Dia menyoroti memang KPK memberikan bukti baru, namun hal itu masih diragukan lantaran saksi tidak melihat dan mendengar secara langsung.
“Yang baru adalah keterangan dari Wahyu, tapi kami ragukan karena saksi tidak melihat dan mendengar secara langsung, tapi melewati orang lain,” ujarnya dikutip Antara.
Maka itu, pihaknya optimis bahwa sidang praperadilan sah atau tidaknya penetapan Hasto Kristiyanto berpihak pada keadilan.
Pada Senin (10/2), giliran KPK menyampaikan bukti tertulis dalam sidang gugatan praperadilan Sekretaris Jenderal (Sekjen) PDI Perjuangan Hasto Kristiyanto.

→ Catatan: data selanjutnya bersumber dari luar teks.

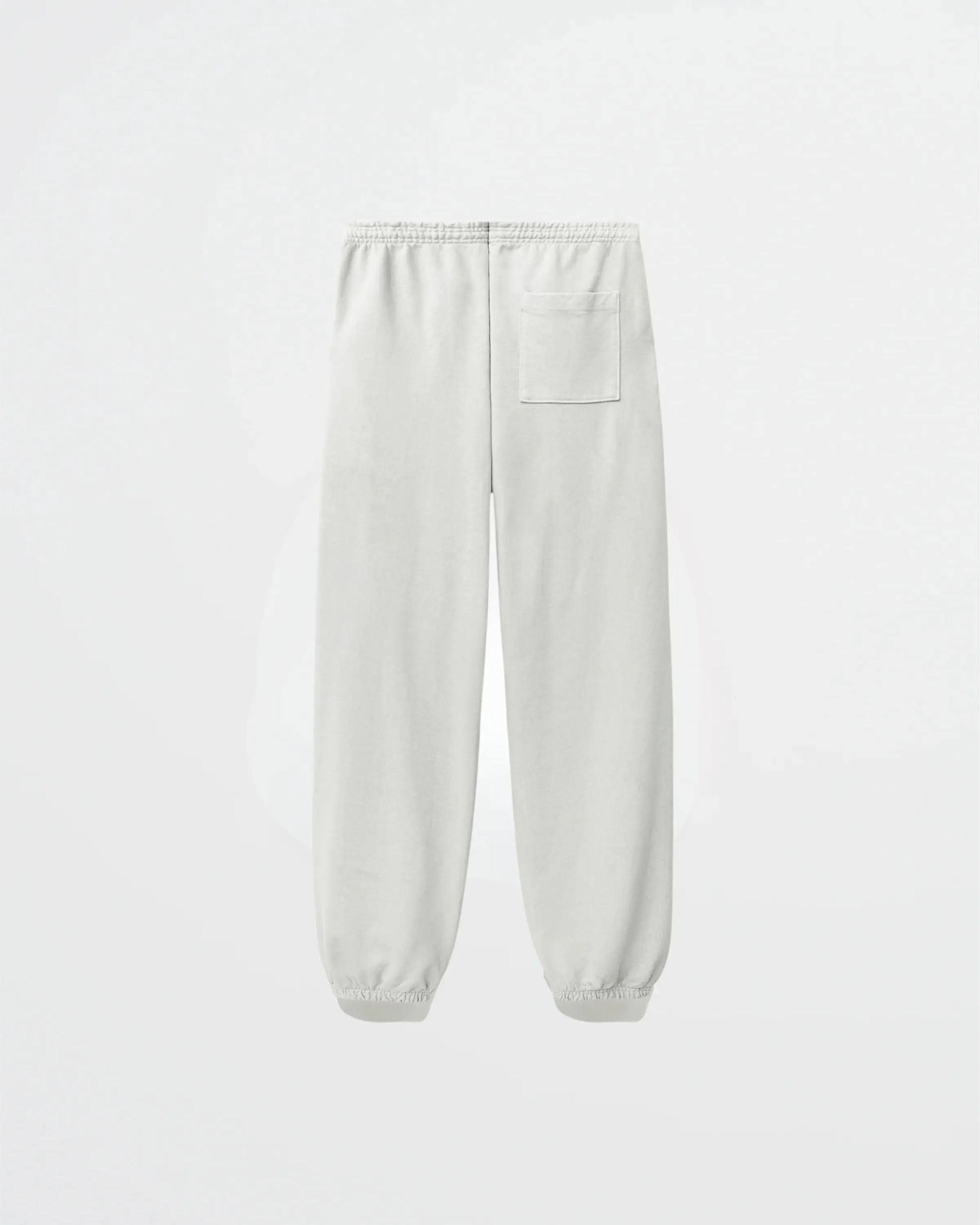 THE FOAM SWEATPANTS Deep Blue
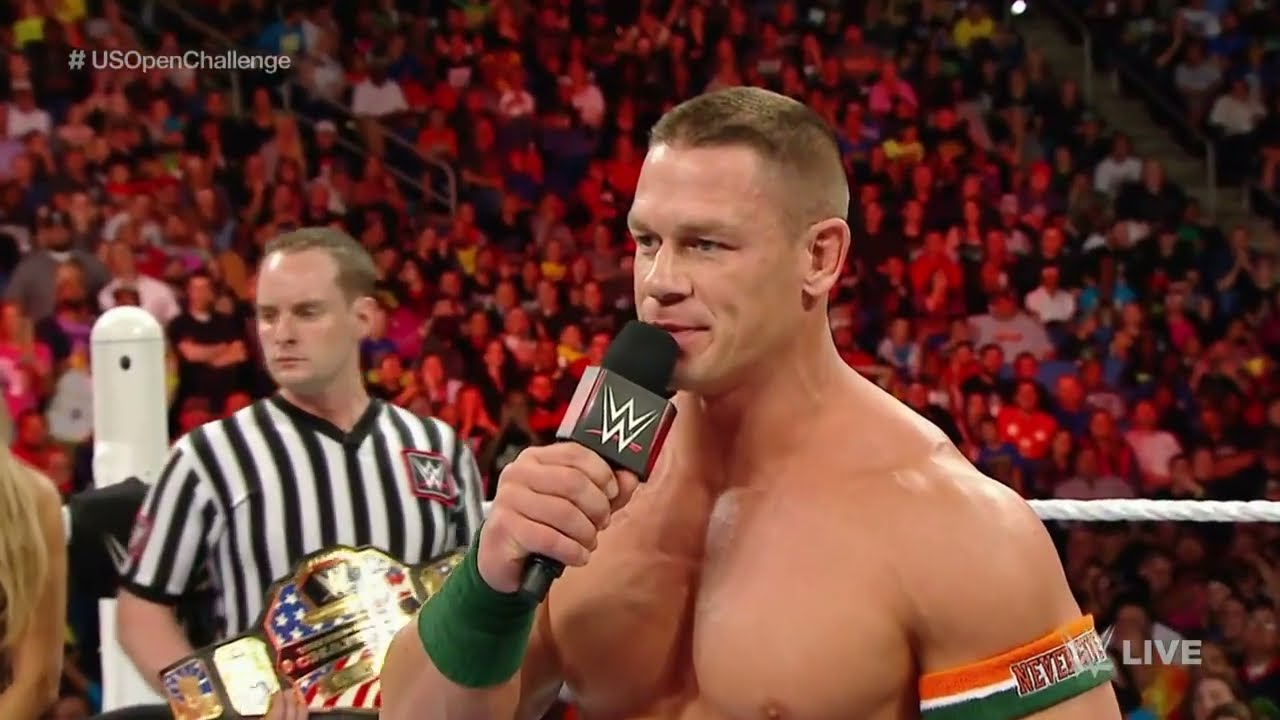 John Cena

Lalu, Selasa (11/2), KPK menghadirkan saksi ahli dalam sidang. Selanjutnya, Rabu (12/2) Hasto dan KPK menyampaikan kesimpulan masing-masing.
Putusan gugatan praperadilan Hasto Kristiyanto melawan KPK di Pengadilan Negeri Jakarta Selatan digelar pada Kamis (13/2).
Penyidik KPK pada Selasa, 24 Desember 2024, menetapkan dua tersangka baru dalam rangkaian kasus Harun Masiku, yakni Sekretaris Jenderal PDI Perjuangan Hasto Kristiyanto (HK) dan advokat Donny Tri Istiqomah (DTI).
Sebelumnya, Ketua KPK Setyo Budiyanto mengungkapkan bahwa HK mengatur dan mengendalikan DTI untuk melobi anggota KPU Wahyu Setiawan agar dapat menetapkan Harun Masiku sebagai calon anggota DPR RI terpilih dari Dapil Sumatera Selatan (Sumsel) I.
HK juga diduga mengatur dan mengendalikan DTI untuk aktif mengambil dan mengantarkan uang suap untuk diserahkan kepada Wahyu Setiawan melalui Agustiani Tio Fridelina.